The key to understanding Wilberforce is to read his own book A Practical View of Christianity. There he argued that the fatal habit of his day was to separate Christian morals from Christian doctrines. His conviction was that there is “perfect harmony between the leading doctrines and the practical precepts of Christianity." He had seen the devastating effects of denying this: “The peculiar doctrines of Christianity went more and more out of sight, and . . . the moral system itself also began to wither and decay, being robbed of that which should have supplied it with life and nutriment.” But Wilberforce knew that “the whole superstructure of Christian morals is grounded on their deep and ample basis.”

This “ample basis” and these “peculiar doctrines” that sustained Wilberforce in the battle against the slave trade were the doctrines of human depravity, divine judgment, the substitutionary work of Christ on the cross, justification by faith alone, regeneration by the Holy Spirit, and the practical necessity of fruit in a life devoted to good deeds. Wilberforce was not a political pragmatist. He was a radically God-centered, gospel-saturated Christian politician. And his zeal for Christ, rooted in this gospel, was the strength that sustained him in the battle.

At the center of these essential “gigantic truths” was (and is) justification by faith alone. The indomitable joy that perseveres in the battle for justice is grounded in the experience of Jesus Christ as our righteousness. “If we would . . . rejoice,” Wilberforce said, “as triumphantly as the first Christians did, we must learn, like them, to repose our entire trust in [Christ] and to adopt the language of the apostle, ‘God forbid that I should glory, save in the cross of Jesus Christ,’ ‘who of God is made unto us wisdom and righteousness, and sanctification, and redemption’ [Gal. 6:14; 1 Cor. 1:30].”

In other words, the gospel of justification by faith alone is essential to right living—and that includes political living. Astonishingly, Wilberforce said that the spiritual and practical errors of his day that gave strength to the slave trade were owing to the failure to experience the truth of this doctrine:
They consider not that Christianity is a scheme “for justifying the ungodly” by Christ’s dying for them “when yet sinners”—a scheme “for reconciling us to God”—when enemies; and for making the fruits of holiness the effects, not the cause, of our being justified and reconciled.
This was why he wrote A Practical View of Christianity. The “bulk” of Christians in his day, he observed, were “nominal”—that is, they pursued morality without first relying utterly on the free gift of justification by grace alone through faith alone on the basis of Christ alone. They got things backward: first they strived for moral uplift; then they appealed to God for approval. That is not the Christian gospel.

And it will not transform a nation. It will not heal the racial wounds of a nation. It would not sustain a politician through eleven Parliamentary defeats over twenty years of vitriolic opposition.

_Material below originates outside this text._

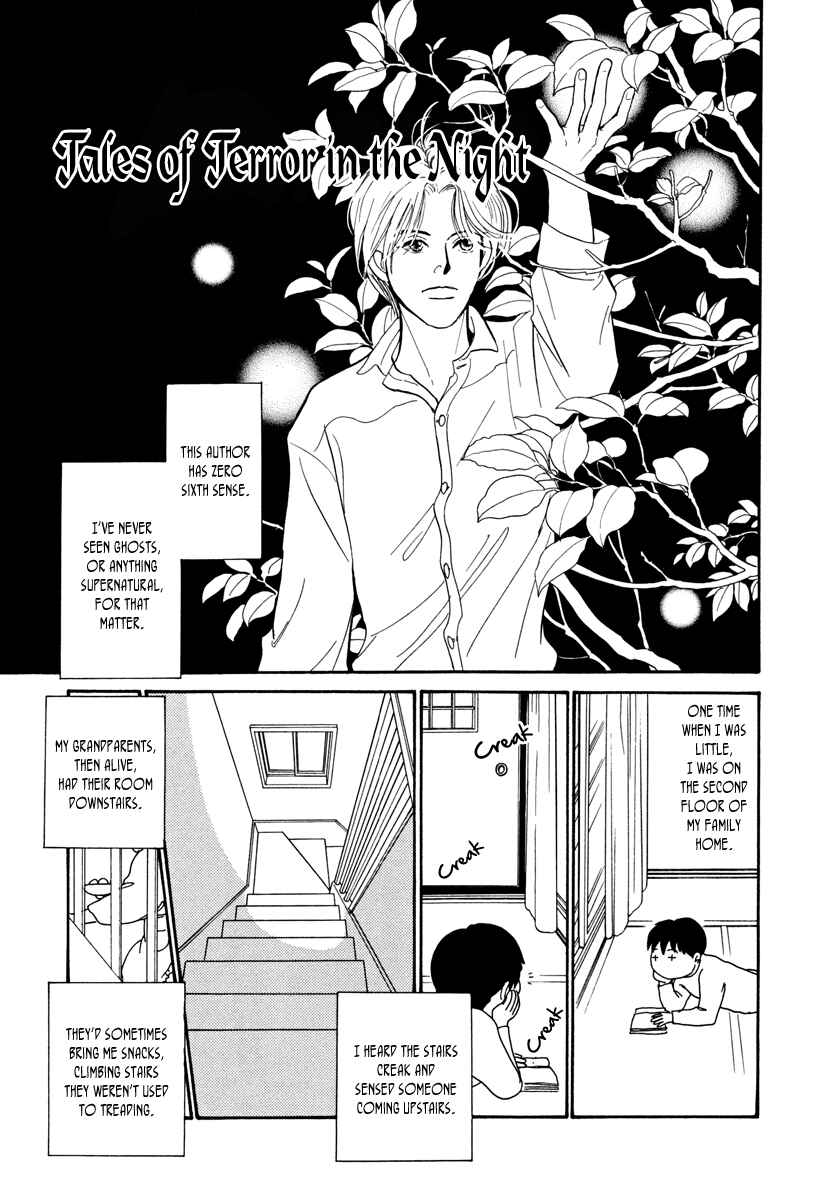 Page 53 Chapter 27 Hyakkiyakou Shou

The battle for abolition was sustained by getting the gospel right: “The true Christian . . . knows . . . that this holiness is not to precede his reconciliation to God, and be its cause; but to follow it, and be its effect. That, in short, it is by faith in Christ only that he is to be justified in the sight of God.” When Wilberforce put things in this order, he found invincible strength and courage to stand for the justice of abolition.

I pray that the gospel of Jesus Christ will have this kind of effect on many today. May it be spoken and lived by millions of true Christians in their daily lives. May it impel them into greater pursuits of racial diversity and harmony. May it awaken in some a passion for a public life of engagement in the community and the political arena. And may it conquer Satan, guilt, pride, hopelessness, paralyzing feelings of inferiority, greed, hate, fear, and apathy. In that triumph, may Christ be magnified and peoples of every race and ethnicity find harmony in him as their supreme treasure.